Let’s be honest, account management in advertising has an identity problem.
Depending on who you ask, the account team “just passes things along’ or is considered to have it easier than everyone else doing the actual making. If that’s the reputation of account managers, then what about the account coordinators? Their role is even harder to pin down, usually somewhere between the vague category under support and being the messenger.
I used to accept that at face value, but now I’m not so sure I can.
Finding My Way to Account Management
Before working at Stoltz, I wasn’t aware that account management was even a thing, let alone an entire career path. I got my degree in graphic design from Boise State. My first job out of college was as a graphic designer at a convenience store distributor. We had a specialized marketing program tailored specifically for vendors (think Hershey’s, Mondelez) to advertise their products to independent gas station owners — anywhere from promotional books, trailer graphics, and targeted email campaigns. Since the marketing department was small, I had to wear multiple hats, often stepping outside of design: building relationships, coordinating with vendors on the products they wanted to advertise, ensuring buyers had what they needed to set up products in the system, and managing timelines to keep everything on schedule.
It was in this role that I realized I enjoyed the coordination and preparation behind the work more than doing the actual design itself. In my second gig, working as a marketing coordinator at an auto dealership, I collaborated with an account manager from a local advertising agency. It was there that I was first introduced to account management — an experience that ultimately sparked my interest in pursuing this line of work.

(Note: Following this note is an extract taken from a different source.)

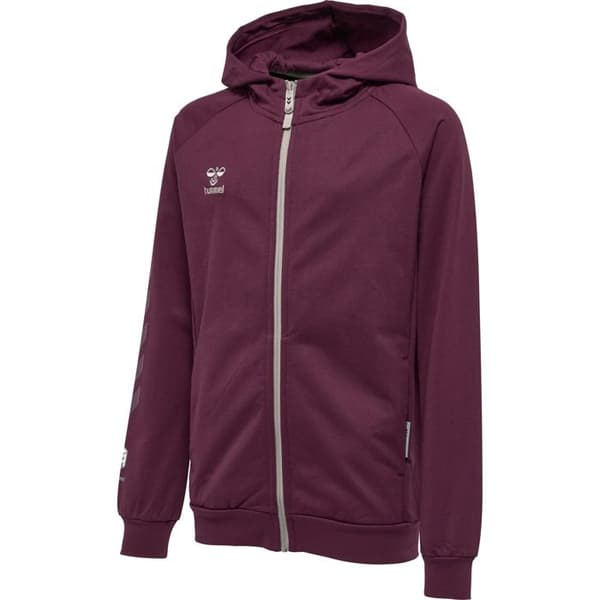 Hummel Move Grid hoodie i bomull för barn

Defining My Approach: “Nancy Drewing”
Now working at Stoltz as a marketing coordinator for nearly two years, I have never felt more fulfilled doing agency work — especially in account management. Part of what I love about being at Stoltz is the opportunity to fully embrace my working style, which I’ve coined “Nancy Drewing.” If you ask my manager, Bond, to define it, he would most likely say something along the lines of how its ethos is tailored around due diligence, where it involves rounding up the right context and institutional knowledge needed to complete the task at hand.
However, if I were to be asked directly to define my approach, I would provide the following chaotic definition, in classic Selina fashion (co-workers can confirm and most likely are the only ones who understand my thought process, well to an extent.)
- Investigate, organize, problem-solve, and execute tasks with diligence and quiet ferocity.
- Connect the dots and fill in the gaps where needed — essentially confronting chaos, Kill-Bill style.
- Manage projects and/or collaborate with people with the diplomacy of a saint and the versatility of a white T-shirt. (i.e stay focused, adaptable, ready for anything)
Mapping the Work in Realtime
Anyways, back to the main story, the more time I have spent in this role and working closely alongside account managers, the more I have come to recognize the undeniable layer of work happening behind the scenes. This line of work requires part intuition, part translation, and part execution that doesn’t always get named but definitely shapes how projects succeed or don’t.
I was recently given the opportunity to account manage Creators for Change, our pro bono program that provides about $25K worth of marketing and creative services to an Idaho-based nonprofit. This series is going to be my way of mapping out the complexities of the art of account management in real time.
You can even call it the Nancy Drew approach to account management: observing patterns, asking probably too many questions, and trying to understand what’s actually going on behind the scenes.